High level considerations when building an effective and worthwhile strategic advisory board include:

  • Compensation model. A modest amount of cash goes a long way in getting the attention of potential advisors, and a little equity on top (a fraction of a percent) keeps their minds engaged even when not attending meetings.  The total cost of many advisory boards, meeting regularly, helping with multiple decisions in detail, can be less than that of a single senior employee and less than 1-2% of equity for a start-up.
  • Information sharing. Too many advisory boards meet semi-annually, and beyond that are contacted individually by phone.  That’s because the company’s management team has a lot on their plate and lose track of the time investment needed to support the board.

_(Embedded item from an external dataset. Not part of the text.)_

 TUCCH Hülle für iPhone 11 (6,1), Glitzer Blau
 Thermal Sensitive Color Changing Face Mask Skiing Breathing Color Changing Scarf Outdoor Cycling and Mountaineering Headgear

    Anyone who has been in a consulting field realises how critical an understanding of a business’s culture, it’s operating metrics, and competitive context is to making effective decisions.

    Therefore, advisory boards can benefit from a light “information portal” where they can read a summary of relevant news and data, post ideas for discussion online immediately or in-person at the next meeting, and track results of programs.

  • Evolution.  For strategic advisory boards, some members will prove useful advisors over years, while others will be a best fit for specific projects.  Both members and the company should explicitly discuss how their needs change and set 6 to 12 month reviews of their relationship.  This makes it easier to switch to a looser “stay in touch” commitment with existing board members, while introducing new talent to reflect the changes in the business.
  • Facilitation.  Good advisory boards are comprised of a range of personalities and experiences that interact with management to come up with new solutions.  But this isn’t easy.  Think about staffing a consulting team where each member worked at a different firm, in a different location, put in an “all members are equal” starting situation.Instead, effective boards explicitly establish and regularly refine their rules of engagement, including scope of responsibility (for example, is management open to the board proposing new programs or highlighting company problems that management hasn’t put on the agenda), conflict resolution (including the acceptance of vigorous debate and approaches to recognize and address personality conflicts), meeting agendas and between-meeting time commitments.

    This facilitation itself takes a special skill set and experience base.

  • Commitment.  All of the above point to a shared commitment to exchanging information, researching opportunities, and improvement processes that have to occur during and between meetings.The board needs to be thought of as a strategic weapon, focused on top-of-mind questions, rather than a “nice to have on the website” marketing tool to be worth creating.

    In turn, some members will want to contribute even more time to your business, for example, editing an investment plan or QA’ing a major implementation plan.